Work by utility crews also was hampered by a handful of new power outages and fire flare-ups, Boettger said.
“The weather’s been our biggest obstacle over the past 24 hours,” he said.
Firefighters spent Wednesday and Thursday trying to keep the fire south of Highway 20, which runs from Okanogan west to Twisp and Winthrop, according to the federal fire-tracking website Inciweb.nwcg.gov.
The fire was 52 percent contained, according to the web site, up from 2 percent Monday. The largest wildfire in recorded state history, the Carlton complex fire has burned more than 250,000 acres, or about 391 square miles.
The thunderstorms forecast to bring lightning and flash flooding to the area Wednesday never inflicted the damage many feared. Forecasters had predicted lightning could spur the fire’s spread and rain could cause ground made bare by the flames to turn into mudslides.
But only six lightning strikes occurred within the fire’s boundaries on Thursday, according to Steve Bodnar, a meteorologist with the National Weather Service. About 100 lightning strikes total happened near the fire, he said.

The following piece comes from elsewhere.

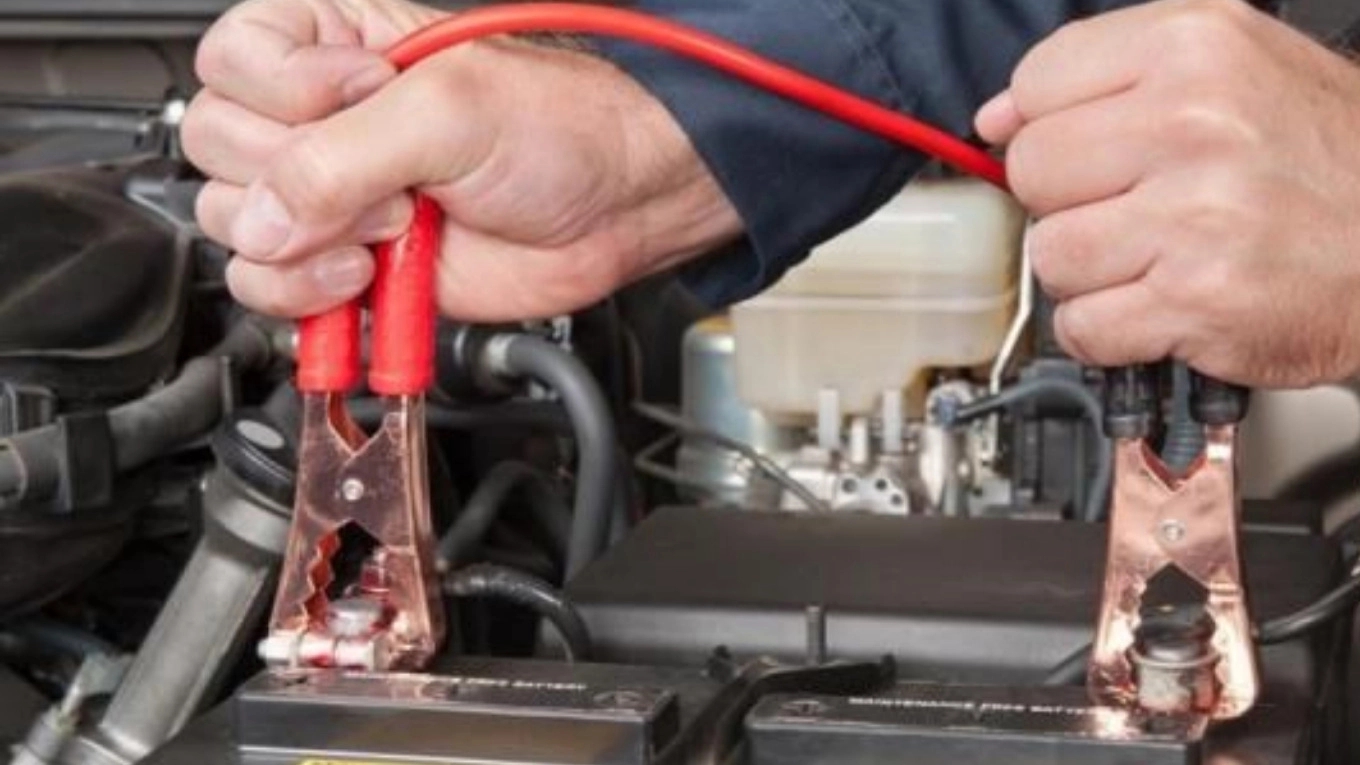 The cause of steam and boiling of the car battery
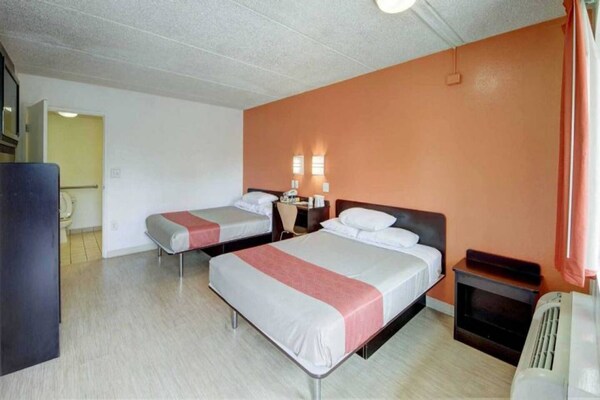 Foto van 2 tweepersoonsbedden (queensize) | Toegankelijk voor mindervaliden | Koelkast - BedRoom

While the rain skirted most of the wildfire, Bodnar said it did contribute to a small mudslide near Gold Creek. It was quickly cleared up, he said.
The bulk of people and businesses without electricity are clustered in and around the towns of Pateros, Twisp, and Winthrop in Okanogan County, according to Boettger.
“We’re still predicting the town of Twisp and the town of Pateros to be back on this weekend,” Boettger said. Once electricity is restored in Twisp, that power could be extended to Winthrop.
Megan Snow, communications director for the Red Cross, said emergency responders have been swamped by the amount of donations given to help the recovery efforts.
While she called the donations generous, Snow advised people to hold off on giving more for now.
“There might be other needs that crop up along the way,” she said.
The Red Cross has case workers around the region hit by the fires, according to Snow.
The Red Cross is still running three emergency centers in the region, at Brewster High School, Chelan High School, and The Barn in Winthrop.